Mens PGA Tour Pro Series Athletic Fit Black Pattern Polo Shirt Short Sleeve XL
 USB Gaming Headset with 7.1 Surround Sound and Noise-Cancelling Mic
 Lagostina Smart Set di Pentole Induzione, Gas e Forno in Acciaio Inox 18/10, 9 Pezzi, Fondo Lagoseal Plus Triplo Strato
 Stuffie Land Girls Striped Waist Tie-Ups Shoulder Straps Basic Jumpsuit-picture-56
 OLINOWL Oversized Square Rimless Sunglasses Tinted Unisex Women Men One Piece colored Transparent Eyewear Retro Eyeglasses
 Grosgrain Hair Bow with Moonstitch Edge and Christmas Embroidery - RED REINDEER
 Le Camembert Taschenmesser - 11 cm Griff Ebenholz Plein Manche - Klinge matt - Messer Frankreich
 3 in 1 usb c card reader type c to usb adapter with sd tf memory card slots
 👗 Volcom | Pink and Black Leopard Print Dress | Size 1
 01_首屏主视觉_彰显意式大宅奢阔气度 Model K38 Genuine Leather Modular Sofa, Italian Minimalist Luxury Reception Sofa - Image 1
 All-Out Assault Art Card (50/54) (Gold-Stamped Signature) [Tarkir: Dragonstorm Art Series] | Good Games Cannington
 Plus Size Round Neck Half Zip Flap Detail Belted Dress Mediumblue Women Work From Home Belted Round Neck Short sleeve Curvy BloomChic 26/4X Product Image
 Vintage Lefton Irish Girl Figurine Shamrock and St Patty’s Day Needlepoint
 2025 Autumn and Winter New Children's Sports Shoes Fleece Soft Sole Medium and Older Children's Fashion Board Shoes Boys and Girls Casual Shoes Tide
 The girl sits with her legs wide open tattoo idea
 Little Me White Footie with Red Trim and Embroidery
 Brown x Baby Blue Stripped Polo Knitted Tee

------------------------------------

• YOUR INSTRUCTIONS:
Nothing but the lines from the one containing "The girl sits" through the last line of the data above should be set down, word for word.

• WRITTEN RESPONSE:
 The girl sits with her legs wide open tattoo idea
 Little Me White Footie with Red Trim and Embroidery
 Brown x Baby Blue Stripped Polo Knitted Tee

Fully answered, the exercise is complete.